Jazz Composition from NOAA Climate Data

The following tune utilized the National Oceanic and Atmospheric Administration’s (NOAA) dataset of global average temperatures back to 1880’s, separated and averaged by decade, and based the chord and melodic progression off of the decadal averages in the changing and increasing global temperatures. Additionally, the shifts in melodic and harmonic structure were also inspired by the influences of Black jazz musicians such as Oscar Pettiford, Milt Jackson, Melba Liston, and Oscar Peterson especially during the 1950’s and 1960’s which coincided with sharp and steady increases in global temperatures. When soloing, musicians are asked to think about the question: “What is at stake with climate change?” and “How has and will climate change affect the creation of music?”


Climate Quilt

Stemming from a class assignment, I have now accumulated over 30 handmade quilt squares that harkens back to the AIDs Memorial Quilt and challenges students, community members, and beyond to try and depict what is lost with global climate change.

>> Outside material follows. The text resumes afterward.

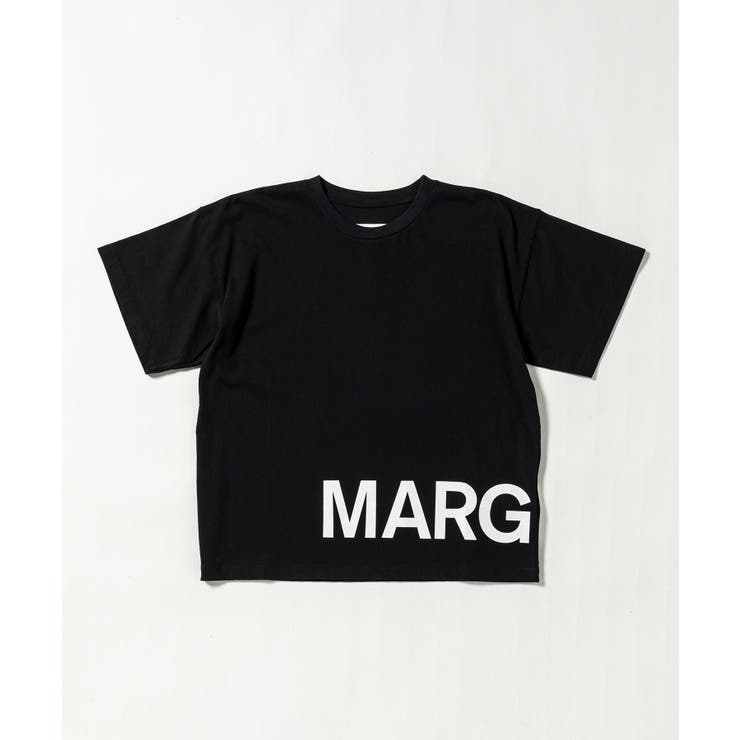 ブラック | MM6 Maison Margiela | SHIFFON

Master’s Dissertation Cover

For the cover of my master’s dissertation titled “Plant Extinction in the Anthropocene: Emotional Political Ecologies of American Chestnut’s Disappearance in Central Appalachia”, I illustrated all the plants that the Appalachians I worked with along with my own plant identification of the plant life that surrounded the American Chestnut’s extinction in the region and felt, absorbed, and adapted to this disruptive change in the ecologies of mountains.